黒田博樹が与える計り知れない「+α」 現状と今後を“元正妻”西山秀二が解説
真っ先に求められるリリーフ陣の再整備
現在は主にリリーフで起用されている4年目の左腕・戸田の先発起用を西山氏は提言する 【写真は共同】
打つ方はエルドレッドが帰ってきて、シアーホルツも形になってきて、点は取れるようになってきた。そう考えると、やっぱり投手陣を整備しないといけない。今までのように勝てそうな試合を落としているようでは、なかなか上がってこれない。でも、「カープ弱いなぁ」「なかなか勝てんなぁ」と嘆きながらでも、気付いたら首位と4.5ゲーム差ですからね。ちょっとしたことですぐに上に行けるし、そのためにも早く投手陣を整備しないといけない。
――黒田投手以外にも、前田健太とジョンソンが先発で防御率2点台。その他、福井優也、野村祐輔、大瀬良大地といった面々がそろう先発陣は充実していますが?
先発はいますよ。先発に適性のある投手は多い。一番の問題は7、8、9回の終盤3イニング。ここをどう抑えるか。この部分を確立できてない状態が開幕から続いているため、勝てるゲームをことごとく落としている。
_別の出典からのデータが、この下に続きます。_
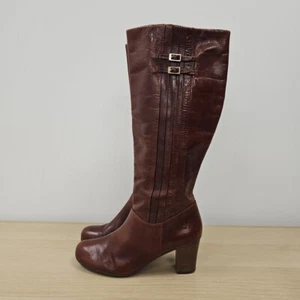 Frye Jane 77831 Nora Brown Leather Knee High Tall Chunky Heel Boots Uk 8 Us 10 - Picture 1 of 17
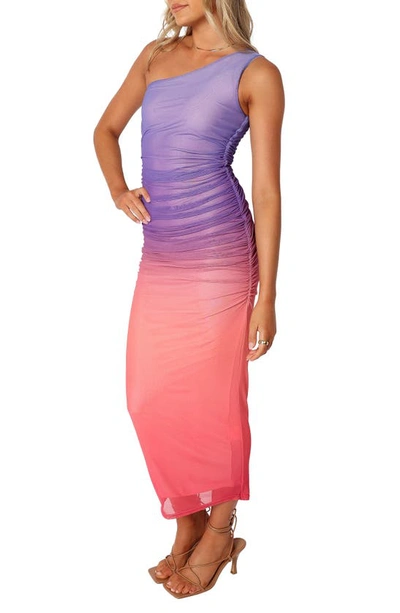 Petal And Pup Dakota Print One-shoulder Maxi Dress In Purple Gradient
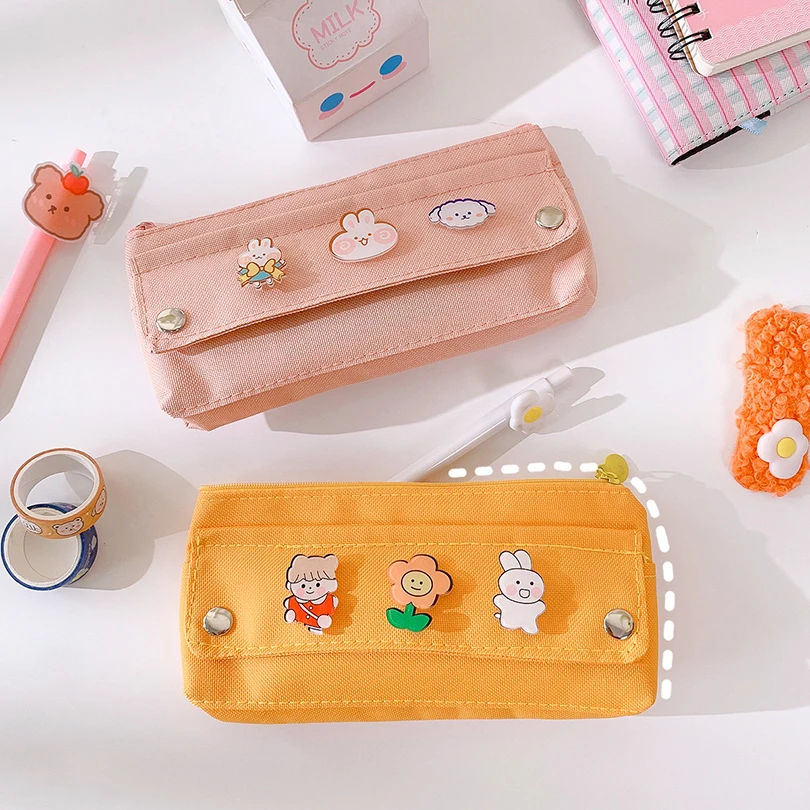 

Pencil Case Korean School Supplies Kawaii Pencil Bags Random Broochs Pen Case Trousse Scolaire For Girls School Pencil Cases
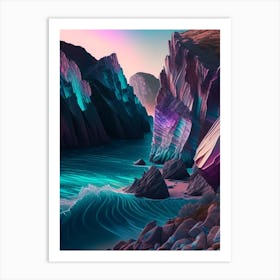 Coastal Cliffs And Rocky Shores, Waterscape Holographic 1 Art Print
終盤にひっくり返されている。課題は明確ですよ。
――解決策はあるでしょうか?
この間、大瀬良を中継ぎで使いましたけど、抑えで使ったらいいのではと思います。逆に言うと、今のメンバーの中では大瀬良ぐらいしかいない。球も速くてハートも強いというのは……。今の中崎(翔太)では信用できない。まずは抑え。今季は抑え役をヒースにしたところから失敗しているわけですから、とにかく、その部分を固めることが浮上するための条件でしょうね。
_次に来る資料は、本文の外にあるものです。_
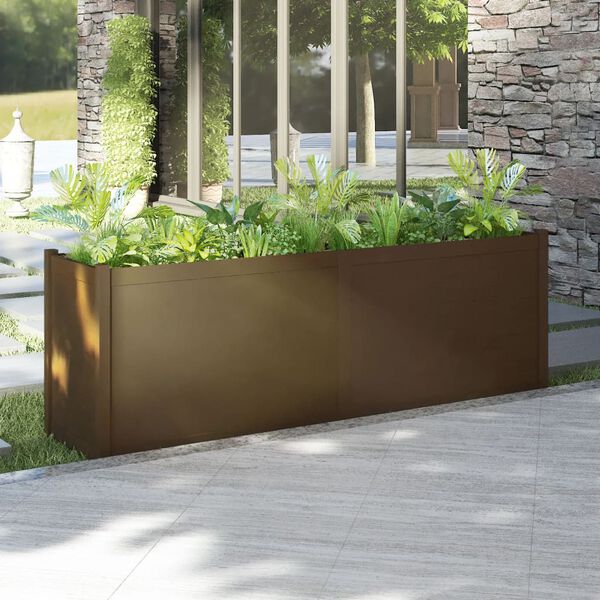 vidaXL Jardinière d'extérieur Marron miel 200x50x70 cm Pin massif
――その辺りの整備は、監督、コーチ陣の仕事になってくると思いますが?
もちろんです。選手の能力、適性を見て、冷静に判断して、勝つために最善を尽くすのが監督、コーチの役目ですよ。ただ単に、先発は○○、セットアッパーは○○、抑えは○○って決めて、「負けたら仕方ない」っていうのはおかしい。負けたのなら、その負けた理由をしっかりと分析して次に生かさないといけない。
数字以上に大きいチームへの貢献
まずは何か手を打たないといけない。あまりにも何もせずに来てしまった。ようやく大瀬良を配置転換して立て直そうという工夫が見えたかなとは思いますけど、もっと早い段階でできることはたくさんあった。外から見ているだけでは分からない部分はありますけど、戸田(隆矢)なんかも先発で投げさせるべき投手だと思います。普通なら10ゲーム差ぐらい付いていてもおかしくないのに、交流戦では上も同じように負けてくれた。広島にとってはラッキーですよ。その分、いかに今のうちにチームを立て直しておくか。目先の1勝にこだわっているだけでは優勝できない。8月、9月にどうやって勝負するかを考えながら、8月、9月に勝負できるチームを作っていかないといけない。
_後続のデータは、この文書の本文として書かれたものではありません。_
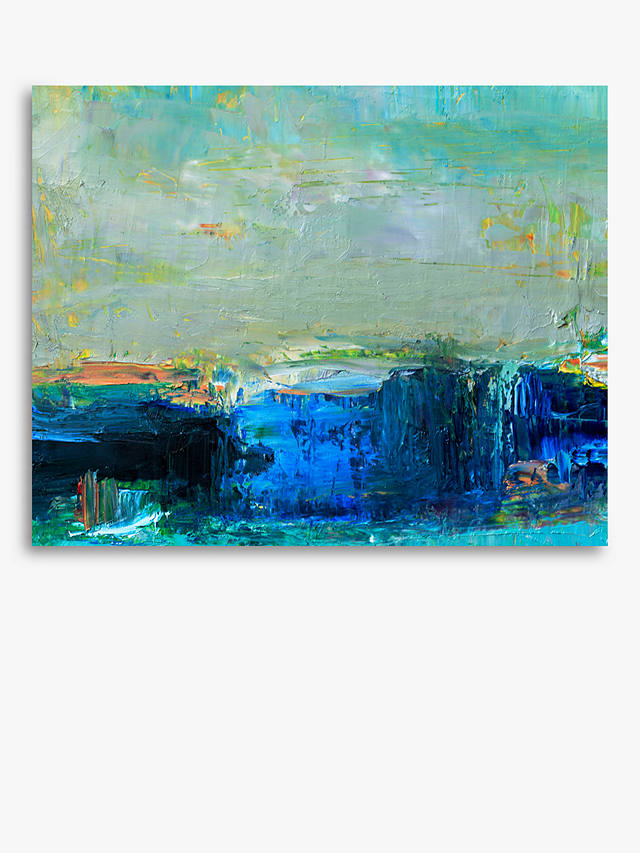 Shades of Blue Abstract Canvas Print, 61 x 76cm, Blue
――その中で今後、黒田投手に期待するピッチングというのは?
今で6勝ですから、数字的には2ケタは勝つでしょう。黒田自身は今まで通りでいい。中5日でも中6日でも、求められたマウンドでしっかりと投げること。40歳の黒田が6回、7回をきちっと投げて、1年間ローテーションで回ってくれれば、これほどありがたいことはないですよ。それに彼の場合は、数字以外の部分でのチームに対する貢献度がやっぱり大きい。若い選手からすれば、絶対に「黒田さんがこれだけ頑張っているのに、自分たちがやらないわけにはいかない」となる。調整法なども含めて、一緒に練習する中で勉強になる部分はたくさんある。チームにとって計り知れないプラスアルファがある。
――これから本格的な夏を迎えます。そして過酷な広島の夏を乗り越えなくてはなりませんが?
まぁ、広島の夏はキツいですよ(苦笑)、体力的には絶対にしんどい。でも、例えばチームとして中6日でローテを回してあげるとか、少しずらしてドーム球場で投げさせるとか、黒田に対してはその辺の配慮は必要になるでしょうね。真夏のマツダスタジアムで3週連続投げればどんな投手でもへばる。黒田には余裕を持って投げさせたい。そして黒田が投げた後の試合が大事。いかに連勝できるか。黒田が勝っても、次の日に簡単に負けてしまっているようでは勢いには乗れないですからね。とにかく、ただ単に「投げろ」「負けた」「残念」ではダメ。チームとしてやるべきこと、チームとしてできることは、まだまだたくさんありますよ。